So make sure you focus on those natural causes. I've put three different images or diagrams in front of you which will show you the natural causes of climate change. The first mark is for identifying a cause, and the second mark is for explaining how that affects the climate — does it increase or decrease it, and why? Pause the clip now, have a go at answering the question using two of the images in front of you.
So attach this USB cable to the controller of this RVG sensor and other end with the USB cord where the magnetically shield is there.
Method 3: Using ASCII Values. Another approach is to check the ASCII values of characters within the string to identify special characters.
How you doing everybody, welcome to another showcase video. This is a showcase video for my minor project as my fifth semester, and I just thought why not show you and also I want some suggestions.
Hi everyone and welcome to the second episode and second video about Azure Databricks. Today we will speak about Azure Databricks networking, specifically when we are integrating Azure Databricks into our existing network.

...

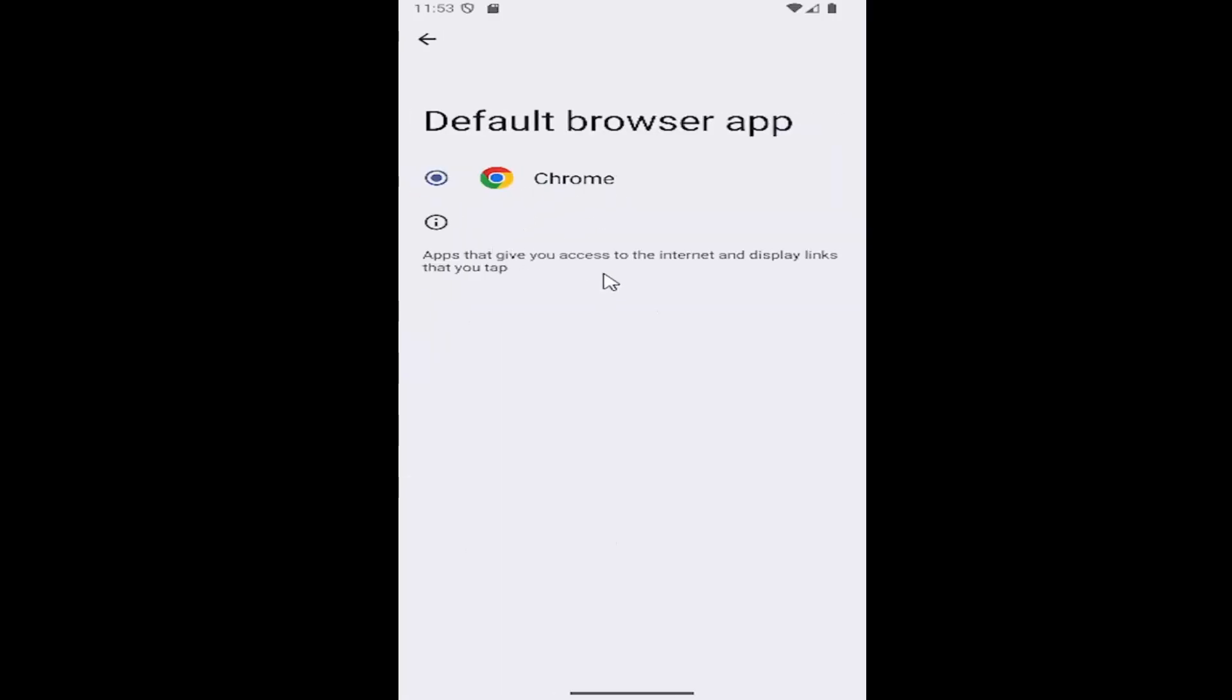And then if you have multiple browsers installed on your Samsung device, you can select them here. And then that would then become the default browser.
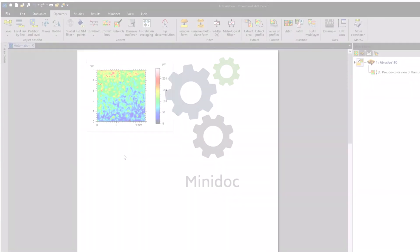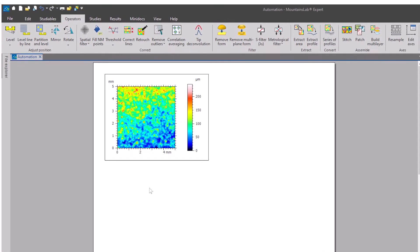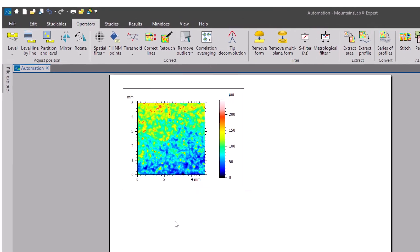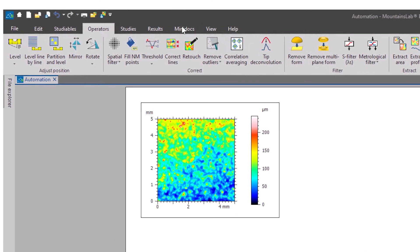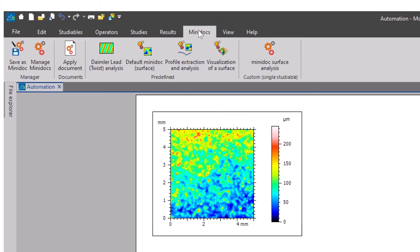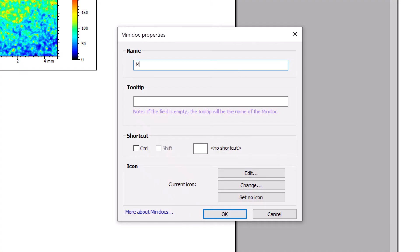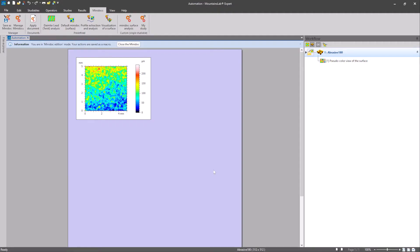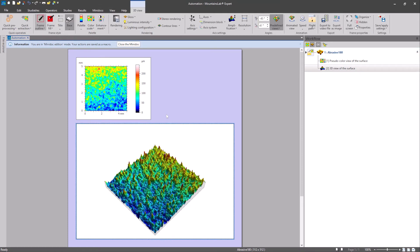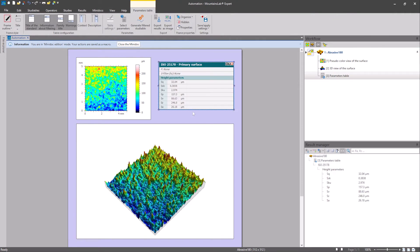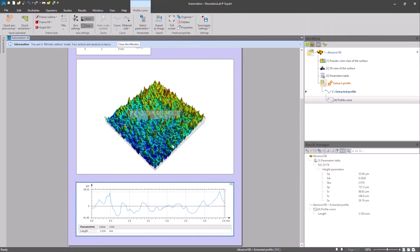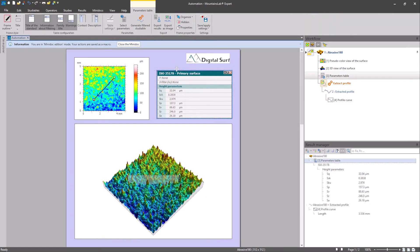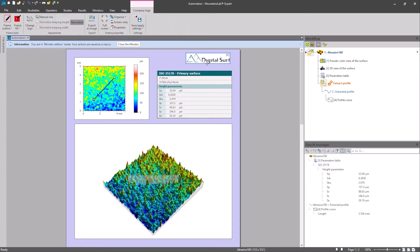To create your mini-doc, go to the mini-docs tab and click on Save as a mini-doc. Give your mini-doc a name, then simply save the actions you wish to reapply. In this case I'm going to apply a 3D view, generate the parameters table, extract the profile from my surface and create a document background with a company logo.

Directions – An exact copy of the lines above, from the one containing "Method 3: Using" through the one containing "Hi everyone and", is the whole of the answer.

Your response –
Method 3: Using ASCII Values. Another approach is to check the ASCII values of characters within the string to identify special characters.
How you doing everybody, welcome to another showcase video. This is a showcase video for my minor project as my fifth semester, and I just thought why not show you and also I want some suggestions.
Hi everyone and welcome to the second episode and second video about Azure Databricks. Today we will speak about Azure Databricks networking, specifically when we are integrating Azure Databricks into our existing network.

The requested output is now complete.